* **Records for this exercise**:
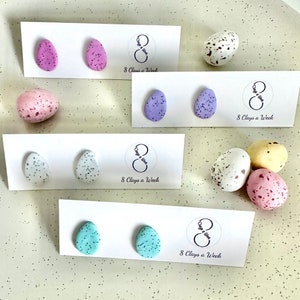 May include: A set of six pairs of handmade polymer clay earrings shaped like speckled eggs. The earrings are displayed on white cards with the text "8 Clays a Week".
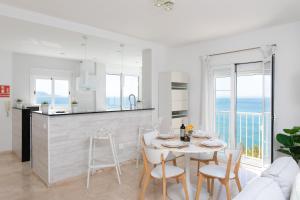 a white kitchen and dining room with a table and chairs at Luxury Sea view Apartment in Nerja
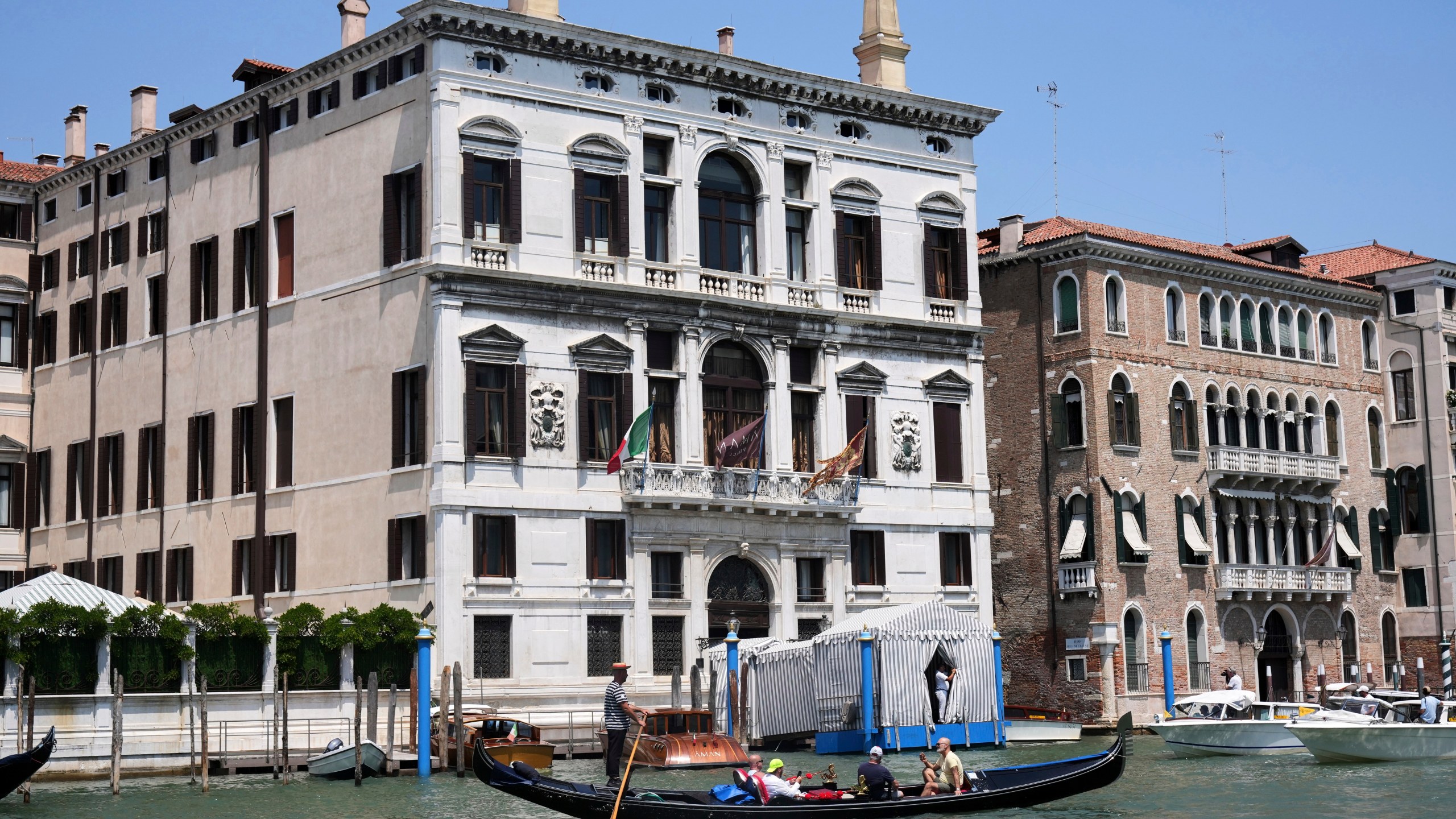 CORRECTS TO AMAN HOTEL NOT ANNAN A gondola sails past the Aman Hotel in Venice, Italy, on Thursday, June 26, 2025, ahead of festivities in the lagoon city reportedly linked to a wedding celebration for Jeff Bezos and Lauren Sánchez. (AP Photo/Antonio Calanni)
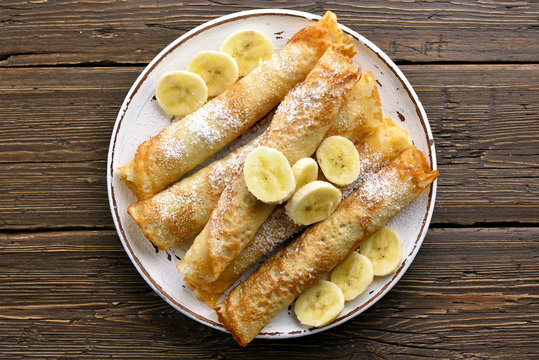 Crepes roll with banana slices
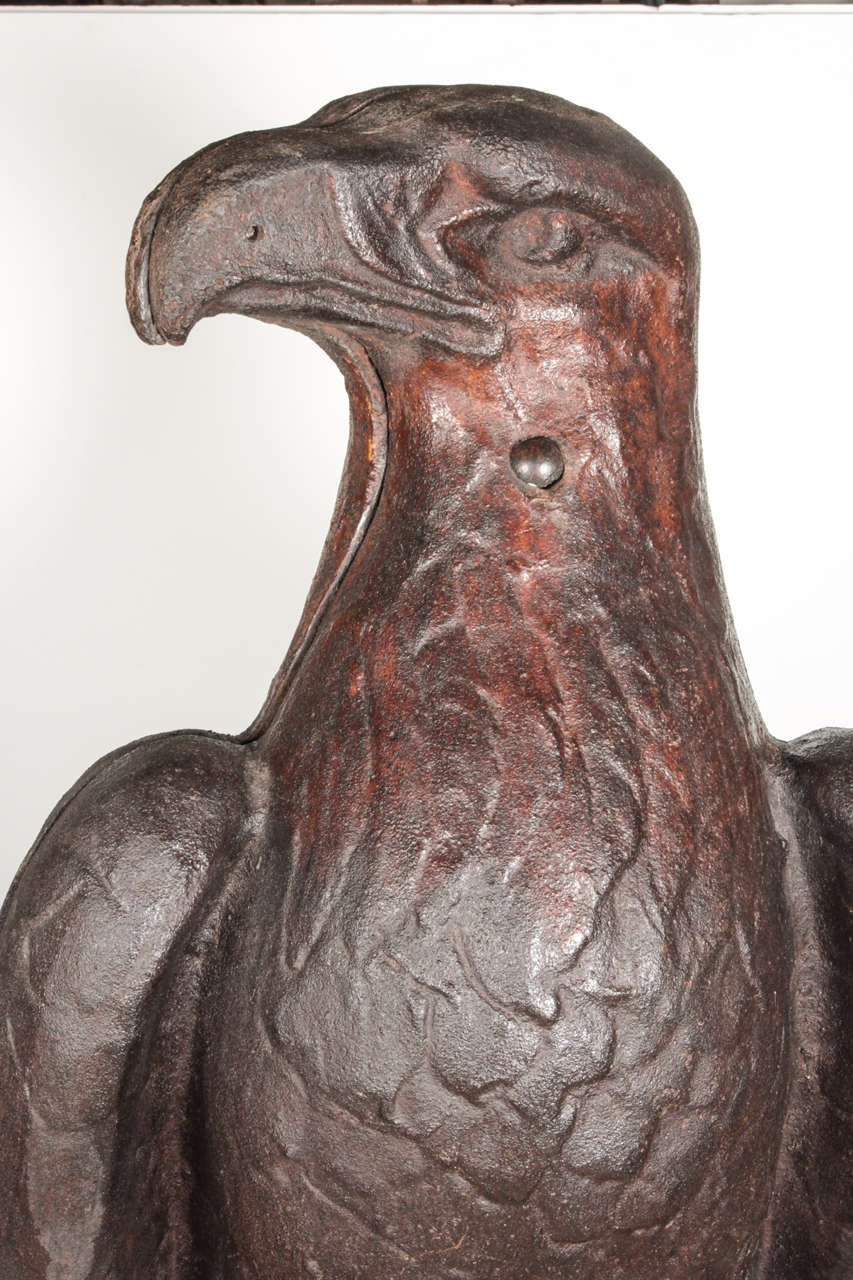 American, early 20th century cast iron eagle resting upon a
globe marked “CASE”. Case was the leading American tractor manufacturer based out of Racine, Wisconsin. This is a truly emblematic piece of Americana. Their eagle trademark “Old Abe” was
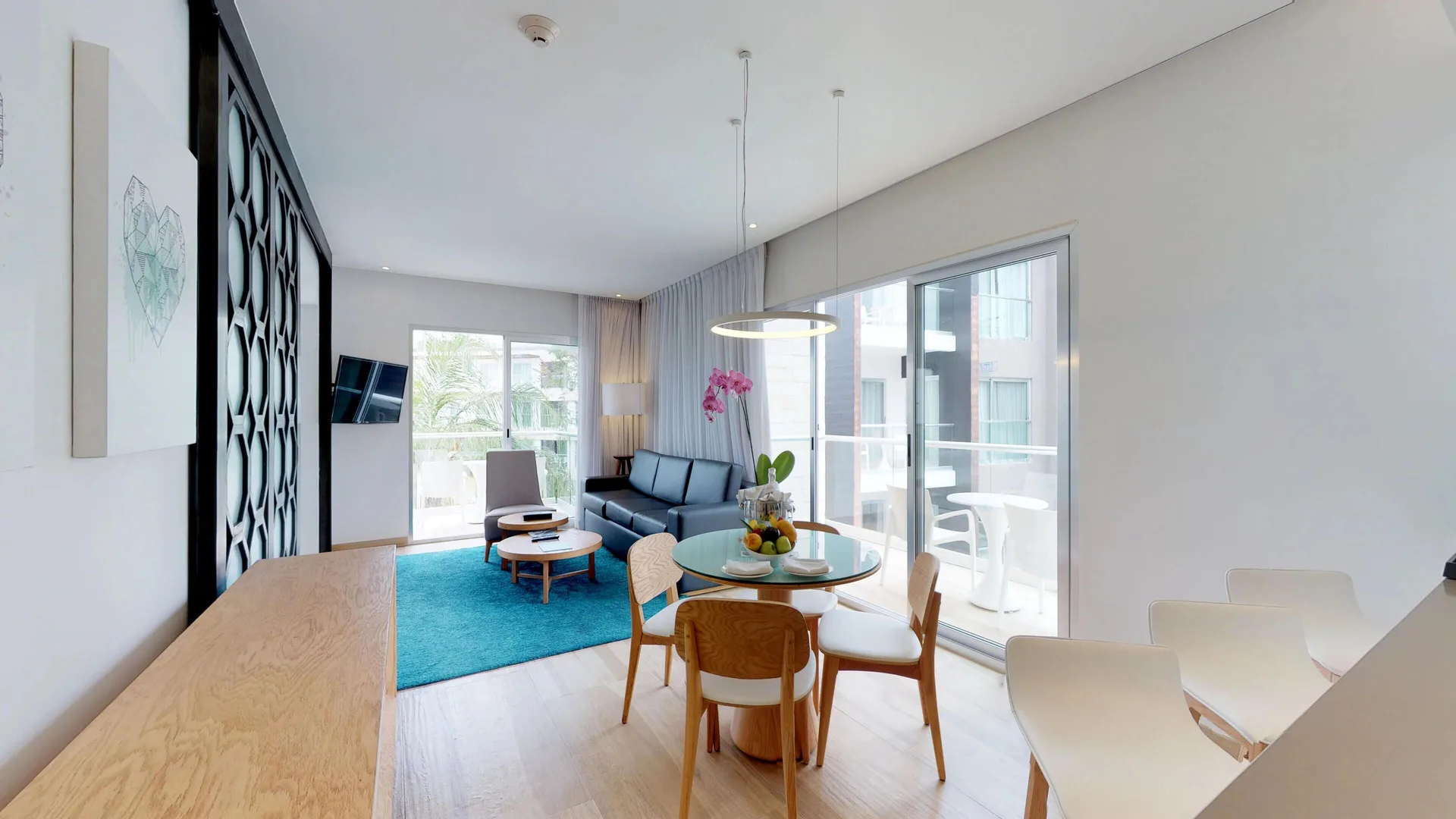 Bright suite living and dining area with balcony at The Fives Beach Hotel.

* **Task to carry out**: Print the lines from the one that contains "American, early 20th" through the final line of the material above, exactly and only those, with pictures left out.

* **Exercise response**:
 American, early 20th century cast iron eagle resting upon a
globe marked “CASE”. Case was the leading American tractor manufacturer based out of Racine, Wisconsin. This is a truly emblematic piece of Americana. Their eagle trademark “Old Abe” was
 Bright suite living and dining area with balcony at The Fives Beach Hotel.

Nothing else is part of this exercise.